**DATA SECTION**
┄┄┄┄┄┄

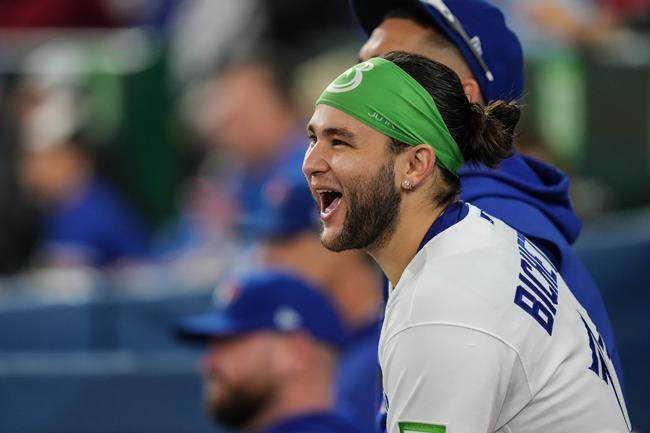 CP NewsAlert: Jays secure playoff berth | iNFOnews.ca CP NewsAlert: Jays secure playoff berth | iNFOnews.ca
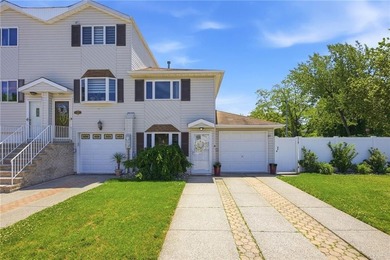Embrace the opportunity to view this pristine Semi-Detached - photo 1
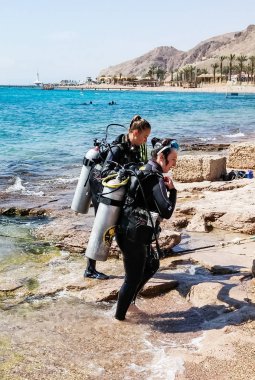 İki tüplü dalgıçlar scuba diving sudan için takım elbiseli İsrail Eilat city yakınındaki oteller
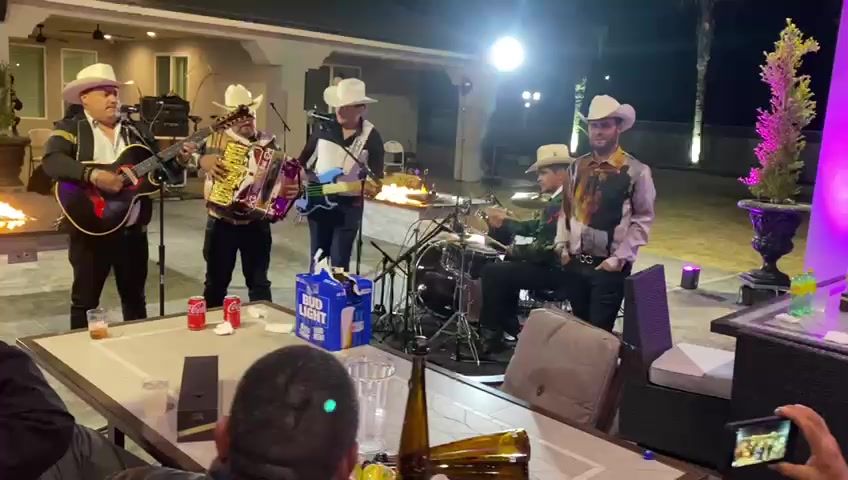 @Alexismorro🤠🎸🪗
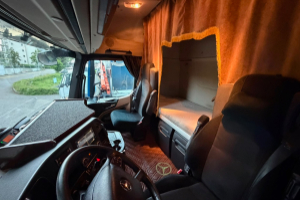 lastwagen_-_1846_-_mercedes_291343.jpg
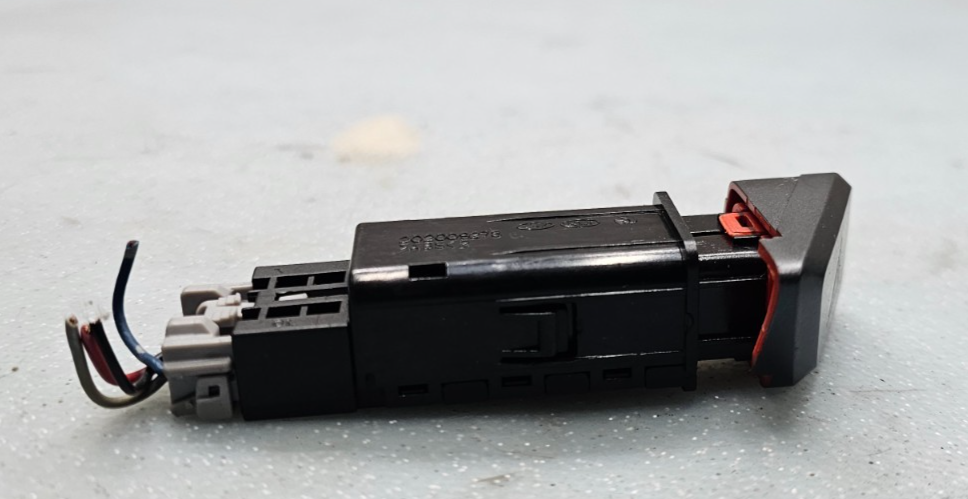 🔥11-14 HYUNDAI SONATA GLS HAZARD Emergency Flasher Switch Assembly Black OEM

┄┄┄┄┄┄

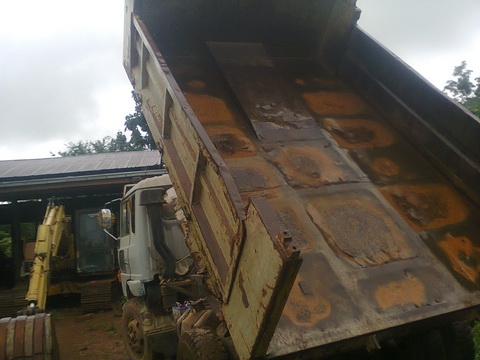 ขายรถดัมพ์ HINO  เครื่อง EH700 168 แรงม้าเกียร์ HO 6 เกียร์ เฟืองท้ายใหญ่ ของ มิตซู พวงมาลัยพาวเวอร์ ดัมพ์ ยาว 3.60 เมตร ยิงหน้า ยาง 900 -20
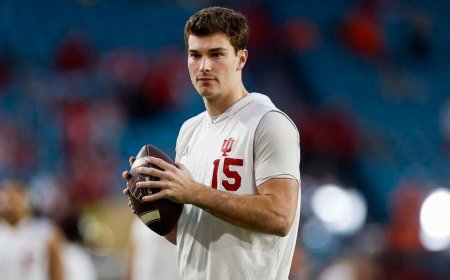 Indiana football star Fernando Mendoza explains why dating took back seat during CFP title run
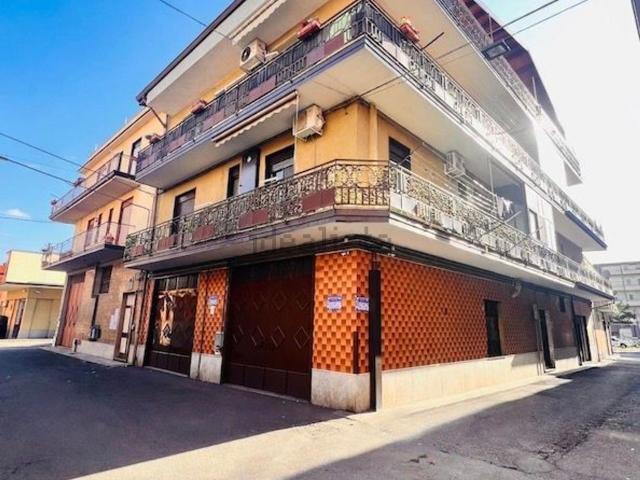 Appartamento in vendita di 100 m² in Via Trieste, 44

┄┄┄┄┄┄

**WORK TASK**
Everything between and including the line above containing "lastwagen_-_1846_-_mercedes_291343.jpg" and the line containing "Assembly Black OEM" should be reproduced exactly, with pictures excluded.

**REPLY TO THE EXERCISE**
 lastwagen_-_1846_-_mercedes_291343.jpg
 🔥11-14 HYUNDAI SONATA GLS HAZARD Emergency Flasher Switch Assembly Black OEM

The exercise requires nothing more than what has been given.